Untuk menyelesaikan sebuah puzzle berupa gambar pesawat terbang dengan serakan potongan gambar yang kecil-kecil, agar mudahnya kita harus mengetahui terlebih dahulu gambar pesawat terbang tersebut secara keseluruhannya. Barulah kita dapat dengan mudah menyusun potongan gambar kecil tersebut menjadi gambar utuh sebuah pesawat terbang yang besar. Artinya, gambaran umum terlebih dahulu barulah gambaran khususnya (hal ini disebut sebagai logika deduksi, penjabaran dari umum ke khusus) barulah induksi (pejabaran dari khusus ke umum). Selanjutnya penggunaan kedua logika ini dilakukan secara proporsional.
3. Kebiasaan Suka Memberi Label (labelling) Pada Siswa
Pengelompokan siswa dan dan pemberian label (labeling), misalnya berdasarkan kemampuan kognitifnya. Sebagaimana yang juga dikatakan oleh Munif Chatib (2012) dalam bukunya “Sekolahnya Manusia”. Dikatakan bahwa dengan mudahnya kadang seorang guru melabeli siswanya dengan “cap pintar atau bodoh” berdasarkan tingkat kognitifnya. Kita harus menyadari bahwa kecerdasan adalah jamak. Memang benar, dalam kasus tertentu mungkin seorang siswa memang tidak cakap dalam hal tertentu, akan tetapi itu bukan lantas melabelinya dengan cap bodoh. 
Semua siswa apapun bentuknya merupakan makhluk yang cerdas. Kecerdasan setiap siswa berbeda-beda, ada yang pandai bermusik, menari, menggambar, melakukan perhitungan matematis, menghapal dan sebagainya. Pada umumnya dalam pendidikan formal, kita terjebak kedalam bentuk kecerdasan kognitif. Siswa dipandang pandai atau cerdas apabila sesuai dengan kemampuannya dalam menyelesaikan pekerjaan yang berhubungan dengan praktik persekolahan seperti membaca, menulis, mengingat dan berhitung. Padahal kecerdasan manusia lebih luas lagi dari itu.

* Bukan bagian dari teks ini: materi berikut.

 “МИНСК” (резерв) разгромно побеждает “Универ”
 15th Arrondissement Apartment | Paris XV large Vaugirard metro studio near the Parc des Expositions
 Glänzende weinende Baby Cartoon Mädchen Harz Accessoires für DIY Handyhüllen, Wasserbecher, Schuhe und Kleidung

Siswa dengan kecerdasan menonjol di bidang tertentu dapat pula menguasai bidang lainnya. Misalnya siswa dengan bakat musik bukan berarti juga tidak dapat belajar atau diajari matematika. Semua siswa dapat belajar apapun, namun cara mereka belajar harus disesuaikan dengan kemampuan yang menjadi daya tarik dan bakatnya masing-masing. Misalnya siswa dengan kecerdasan dominan musik akan lebih mudah memahami belajar matematika dengan strategi menyanyi atau yang berhubungan dengan kecerdasan musikalnya. Oleh sebab itu penting bagi guru untuk mengajar dengan berbagai macam pendekatan, model dan strategi pembelajaran yang dapat mengoptimalkan kemampuan siswanya.

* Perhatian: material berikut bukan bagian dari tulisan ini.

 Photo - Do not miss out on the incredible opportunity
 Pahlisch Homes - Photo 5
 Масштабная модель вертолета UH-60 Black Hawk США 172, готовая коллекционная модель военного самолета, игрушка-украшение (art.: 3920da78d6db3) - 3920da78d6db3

Ternyata perkembangan psikologi dan kompetensi seorang siswa pandai yang masuk dalam kelas khusus anak pandai (secara perhitungan IQ) atau kelas akselerasi mempunyai resiko kemunduran tingkat kecerdasan. Karena menimbulkan ketegangan dan memenjarakan siswa dalam dikotomi menang kalah. Siswa yang tertinggal sejengkal saja akan frustasi dan murung, sangat buruk terhadap perkembangan psikologis anak tersebut. 

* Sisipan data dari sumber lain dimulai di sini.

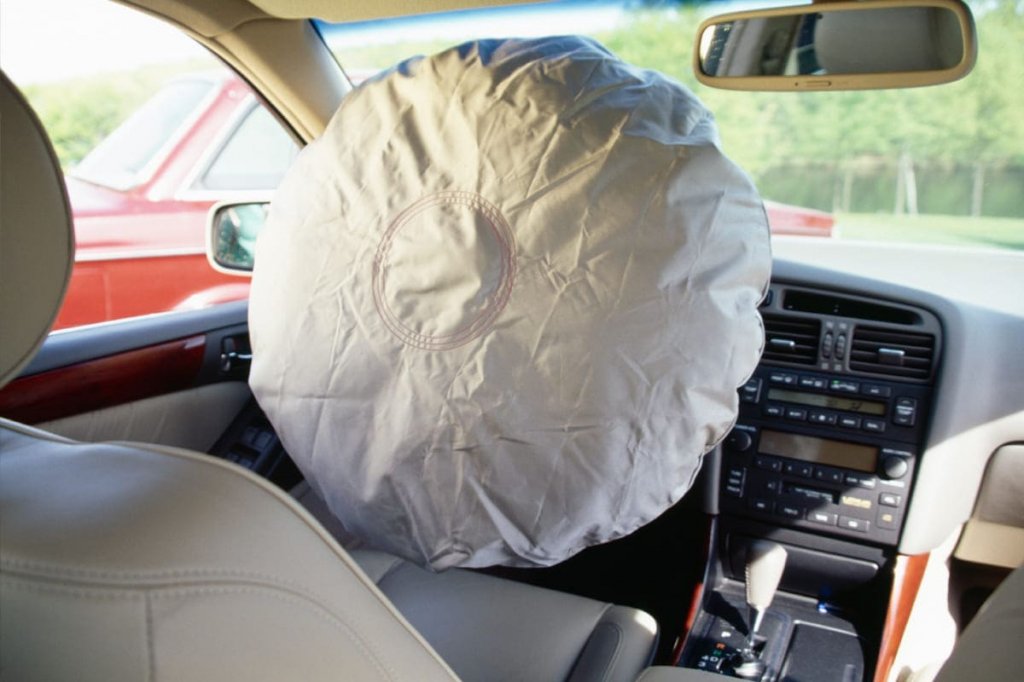 Подушка безопасности в авто: виды, функции и неисправности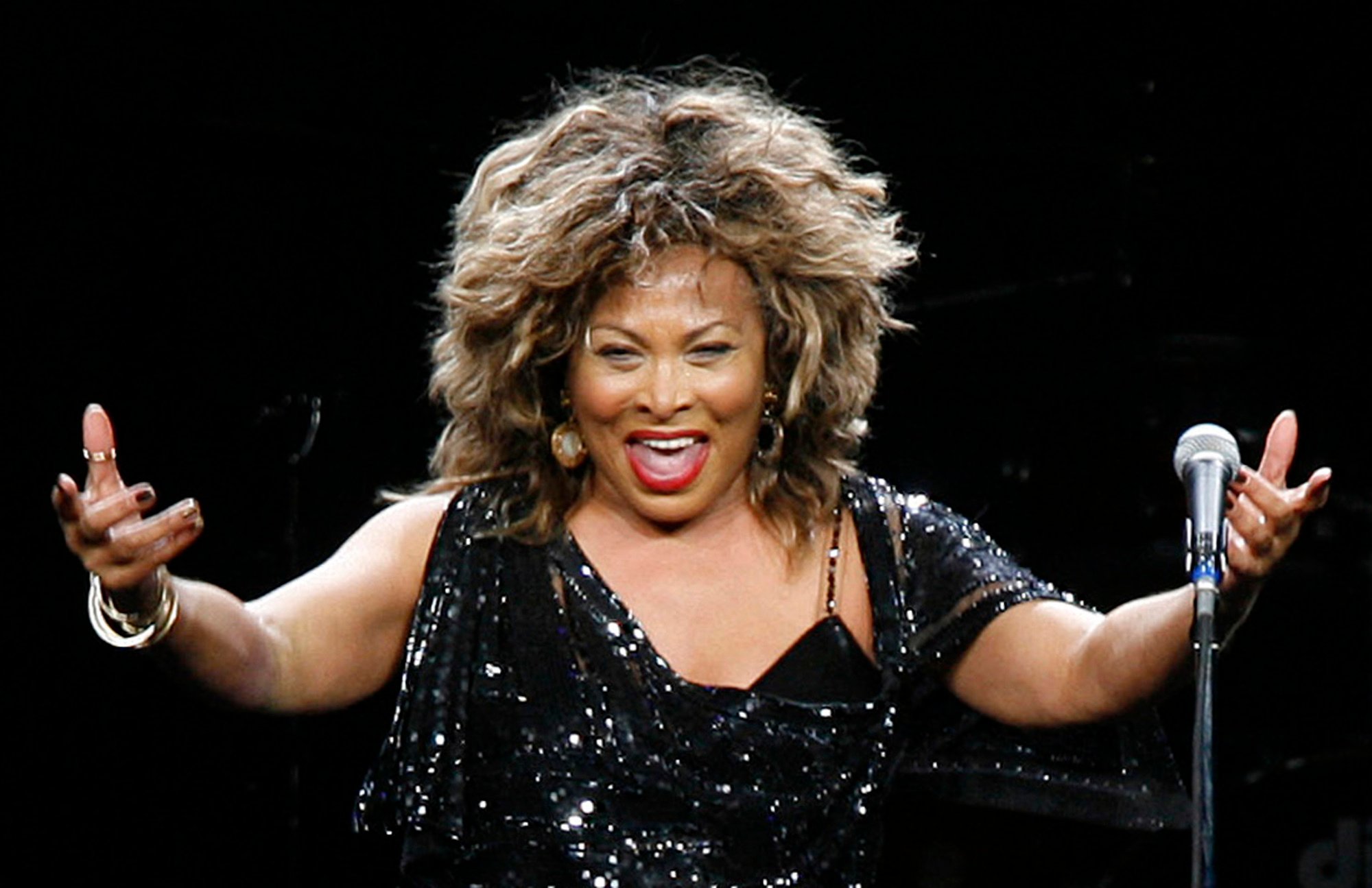 Music Legend Tina Turner Dead At 83 - WCCB Charlotte's CW - Tina Turner I Don't Wanna Lose You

3) Reformasi Proses Pembelajaran
Melihat dan menyadari bahwa pendidikan kita selalu tertinggal, malah nyaris lari ditempat, maka reformasi pendidikan adalah solusi yang selalu didengungkan, termasuk reformasi cara megajar guru- guru yang kebanyakan melakukan malpraktek dalam mengajar.
Reformasi pendidikan memang sangat dibutuhkan. Tidak hanya reformasi birokrasi, reformasi pendidikan nasional sangat diperlukan untuk memajukan pendidikan bangsa. Tujuan reformasi pendidikan adalah untuk menciptakan pendidikan berkualitas, merata, dan terjangkau. Sementara, reformasi sistem pembelajaran dilakukan dalam bidang isi, metodologi, dan evaluasi hasil pembelajaran.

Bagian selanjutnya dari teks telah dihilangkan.